Task details. Everything from the line with "Adorn India Hallton" through the end of the entries must be transcribed exactly; no other lines belong in the answer.

Data.
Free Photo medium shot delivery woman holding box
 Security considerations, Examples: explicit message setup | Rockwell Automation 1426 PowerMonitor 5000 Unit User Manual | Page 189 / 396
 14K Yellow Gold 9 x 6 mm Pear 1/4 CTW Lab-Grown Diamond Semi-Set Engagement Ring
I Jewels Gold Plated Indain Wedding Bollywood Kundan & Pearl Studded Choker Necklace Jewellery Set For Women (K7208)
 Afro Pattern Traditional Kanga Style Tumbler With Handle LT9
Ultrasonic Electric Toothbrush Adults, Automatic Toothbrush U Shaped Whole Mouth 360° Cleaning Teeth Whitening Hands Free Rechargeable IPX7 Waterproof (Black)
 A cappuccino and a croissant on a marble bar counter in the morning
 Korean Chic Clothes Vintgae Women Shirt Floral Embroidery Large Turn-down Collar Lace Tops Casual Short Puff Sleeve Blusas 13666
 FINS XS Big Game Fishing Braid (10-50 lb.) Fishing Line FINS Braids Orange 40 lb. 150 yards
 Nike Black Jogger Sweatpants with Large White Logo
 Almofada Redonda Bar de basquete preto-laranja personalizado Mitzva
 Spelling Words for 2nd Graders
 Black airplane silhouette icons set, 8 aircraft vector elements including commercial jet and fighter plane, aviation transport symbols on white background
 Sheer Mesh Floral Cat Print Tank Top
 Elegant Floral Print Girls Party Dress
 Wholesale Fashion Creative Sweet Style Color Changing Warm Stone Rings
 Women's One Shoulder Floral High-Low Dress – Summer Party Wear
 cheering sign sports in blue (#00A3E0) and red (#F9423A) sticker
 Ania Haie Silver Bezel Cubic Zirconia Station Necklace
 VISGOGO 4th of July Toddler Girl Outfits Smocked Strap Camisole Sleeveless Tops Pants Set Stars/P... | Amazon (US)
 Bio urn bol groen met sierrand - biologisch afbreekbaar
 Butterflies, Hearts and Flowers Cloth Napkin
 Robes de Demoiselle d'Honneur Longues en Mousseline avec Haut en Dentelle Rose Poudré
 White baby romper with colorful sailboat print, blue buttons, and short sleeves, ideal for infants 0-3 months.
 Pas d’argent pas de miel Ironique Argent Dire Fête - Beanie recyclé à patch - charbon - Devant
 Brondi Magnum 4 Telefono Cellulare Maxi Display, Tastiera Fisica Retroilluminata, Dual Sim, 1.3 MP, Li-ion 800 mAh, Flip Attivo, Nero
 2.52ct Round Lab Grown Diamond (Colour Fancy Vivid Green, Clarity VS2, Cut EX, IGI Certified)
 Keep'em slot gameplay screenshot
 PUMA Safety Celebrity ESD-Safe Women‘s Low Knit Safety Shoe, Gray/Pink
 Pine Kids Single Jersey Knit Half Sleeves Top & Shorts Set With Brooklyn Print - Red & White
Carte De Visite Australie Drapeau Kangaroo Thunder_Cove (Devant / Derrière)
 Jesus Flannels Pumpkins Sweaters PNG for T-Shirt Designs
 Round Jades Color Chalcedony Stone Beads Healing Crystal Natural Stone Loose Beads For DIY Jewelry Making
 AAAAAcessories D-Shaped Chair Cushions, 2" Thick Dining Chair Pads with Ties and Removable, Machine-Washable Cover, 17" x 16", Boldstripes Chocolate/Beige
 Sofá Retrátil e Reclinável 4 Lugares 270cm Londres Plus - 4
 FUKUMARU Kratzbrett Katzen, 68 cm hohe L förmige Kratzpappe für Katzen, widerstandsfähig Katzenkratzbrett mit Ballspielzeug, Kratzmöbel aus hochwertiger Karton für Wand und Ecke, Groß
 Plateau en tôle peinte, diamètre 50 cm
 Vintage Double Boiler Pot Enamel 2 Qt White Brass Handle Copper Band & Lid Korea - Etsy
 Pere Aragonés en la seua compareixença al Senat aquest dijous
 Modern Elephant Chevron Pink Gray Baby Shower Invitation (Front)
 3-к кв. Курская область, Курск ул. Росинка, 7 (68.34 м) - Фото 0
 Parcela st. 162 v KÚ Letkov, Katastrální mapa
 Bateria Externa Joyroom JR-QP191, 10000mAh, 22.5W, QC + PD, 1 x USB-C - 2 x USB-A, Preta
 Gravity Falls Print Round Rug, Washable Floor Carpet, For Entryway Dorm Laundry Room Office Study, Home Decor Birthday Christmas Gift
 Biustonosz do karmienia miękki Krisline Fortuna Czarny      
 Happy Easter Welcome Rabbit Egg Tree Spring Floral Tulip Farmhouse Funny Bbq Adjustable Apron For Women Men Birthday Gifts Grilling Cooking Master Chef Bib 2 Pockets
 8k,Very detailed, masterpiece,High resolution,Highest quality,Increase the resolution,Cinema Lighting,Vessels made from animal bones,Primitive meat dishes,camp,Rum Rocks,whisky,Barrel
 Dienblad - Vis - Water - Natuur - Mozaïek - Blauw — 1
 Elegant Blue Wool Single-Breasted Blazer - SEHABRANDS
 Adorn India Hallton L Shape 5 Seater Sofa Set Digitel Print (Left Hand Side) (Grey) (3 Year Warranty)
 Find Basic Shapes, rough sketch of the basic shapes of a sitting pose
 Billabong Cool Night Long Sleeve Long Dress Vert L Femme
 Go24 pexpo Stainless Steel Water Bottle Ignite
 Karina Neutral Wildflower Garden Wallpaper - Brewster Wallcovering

Exercise response.
 Adorn India Hallton L Shape 5 Seater Sofa Set Digitel Print (Left Hand Side) (Grey) (3 Year Warranty)
 Find Basic Shapes, rough sketch of the basic shapes of a sitting pose
 Billabong Cool Night Long Sleeve Long Dress Vert L Femme
 Go24 pexpo Stainless Steel Water Bottle Ignite
 Karina Neutral Wildflower Garden Wallpaper - Brewster Wallcovering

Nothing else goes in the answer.